The four Universal Laws of Gun Safety are:

  1. All guns are always loaded.

  2. Never point a gun at something you do not wish to destroy.

  3. Finger off trigger until sights are on the target.

  4. Be sure of your target and what is beyond it.

ALGC is a cold range. A cold range is where all weapons must be unloaded unless under the supervision of a SO.


    1. Through the use of thought provoking scenarios CQC stresses sound, aggressive CQB (close quarters battle) tactics with carbine, pistol, and rifle while instilling core defensive skills utilizing position and cover.


    1. Rifle, sling, light, magazines, mag pouch.

    2. Pistol, holster, light, magazines, mag pouch.

    3. Ball/FMJ ammo – no hollow point or wad cutter.

    4. Ear & eye protection.

  2. DISAMBIGUATION (of rules drawn from USPSA & IDPA)

    1. There are two classifications based on carbine caliber.

      1. PC (Pistol Caliber – 9mm, .40 or .45acp only.)

      2. .22lr

    2. Cover, Movement, Particulars.

      1. Cover is minimally 100% of lower body and 50% of upper body.

        1. When using tactical priority to pie targets from a position of cover the shooter should be moving slightly between threat engagements.

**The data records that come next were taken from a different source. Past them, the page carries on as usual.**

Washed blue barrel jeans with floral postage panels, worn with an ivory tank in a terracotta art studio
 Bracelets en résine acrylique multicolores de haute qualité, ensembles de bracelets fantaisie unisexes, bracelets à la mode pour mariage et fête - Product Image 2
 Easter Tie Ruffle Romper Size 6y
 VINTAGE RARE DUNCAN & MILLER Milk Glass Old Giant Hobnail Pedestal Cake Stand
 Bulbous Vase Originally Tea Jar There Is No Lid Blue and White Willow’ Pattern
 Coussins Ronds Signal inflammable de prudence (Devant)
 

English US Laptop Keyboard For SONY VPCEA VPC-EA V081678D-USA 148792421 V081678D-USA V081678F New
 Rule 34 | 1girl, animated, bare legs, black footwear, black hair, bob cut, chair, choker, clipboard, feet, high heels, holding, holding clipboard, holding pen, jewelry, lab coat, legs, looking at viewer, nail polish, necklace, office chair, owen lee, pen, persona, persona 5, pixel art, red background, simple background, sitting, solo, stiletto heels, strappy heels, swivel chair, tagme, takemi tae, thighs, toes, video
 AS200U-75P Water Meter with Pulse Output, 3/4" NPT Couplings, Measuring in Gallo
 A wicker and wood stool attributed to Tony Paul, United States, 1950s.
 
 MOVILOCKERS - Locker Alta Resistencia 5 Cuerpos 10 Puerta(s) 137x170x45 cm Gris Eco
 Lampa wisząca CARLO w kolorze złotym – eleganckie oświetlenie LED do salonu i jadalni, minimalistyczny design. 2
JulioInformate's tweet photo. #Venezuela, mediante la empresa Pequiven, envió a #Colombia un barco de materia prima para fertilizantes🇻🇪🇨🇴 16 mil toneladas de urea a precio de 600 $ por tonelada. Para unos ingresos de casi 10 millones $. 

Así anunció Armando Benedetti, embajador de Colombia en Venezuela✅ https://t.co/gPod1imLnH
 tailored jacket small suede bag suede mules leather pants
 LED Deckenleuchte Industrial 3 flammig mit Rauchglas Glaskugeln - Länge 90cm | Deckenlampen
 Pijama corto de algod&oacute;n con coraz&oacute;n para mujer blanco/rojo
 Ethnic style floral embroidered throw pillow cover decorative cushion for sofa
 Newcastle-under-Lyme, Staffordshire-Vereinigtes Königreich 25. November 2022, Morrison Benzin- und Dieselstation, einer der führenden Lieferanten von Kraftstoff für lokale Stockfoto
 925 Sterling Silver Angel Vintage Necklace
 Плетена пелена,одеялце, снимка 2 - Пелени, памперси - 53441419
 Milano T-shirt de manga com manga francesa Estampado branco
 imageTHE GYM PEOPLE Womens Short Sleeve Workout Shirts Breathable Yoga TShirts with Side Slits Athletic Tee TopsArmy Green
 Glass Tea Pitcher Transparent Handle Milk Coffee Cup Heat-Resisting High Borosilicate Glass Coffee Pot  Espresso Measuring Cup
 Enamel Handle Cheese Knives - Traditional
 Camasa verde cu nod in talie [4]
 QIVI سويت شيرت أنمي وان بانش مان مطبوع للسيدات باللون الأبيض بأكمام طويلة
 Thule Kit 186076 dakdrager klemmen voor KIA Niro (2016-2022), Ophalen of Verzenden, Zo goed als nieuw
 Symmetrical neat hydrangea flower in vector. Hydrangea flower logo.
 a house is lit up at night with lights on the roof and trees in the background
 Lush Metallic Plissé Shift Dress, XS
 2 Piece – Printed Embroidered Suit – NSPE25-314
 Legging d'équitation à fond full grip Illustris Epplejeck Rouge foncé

Failure to do this indicates more than one threat is visible.

      2. Shooter may engage threats out of cover if there is aggressive movement towards the threat or a position of cover. (No IDPA slow foot shuffle).

      3. Going empty while exposed to threats necessitates a transition to secondary weapon system.

        1. While behind cover, any reload may be performed flatfooted or OTM (on the move).

      4. When shooting from a static position of cover, shooter must shoulder weapon on engagement side.

      5. Hard cover – Any shot that touches hard cover is a miss (threat or non-threat).

    3. Scoring

      1. Time and points down will be tallied after each event.

      2. All threats MUST have 2 hits inside -0, -1 or FTN (failure to neutralize).

        1. This is close quarters; do not leave partially neutralized threats in your proximity.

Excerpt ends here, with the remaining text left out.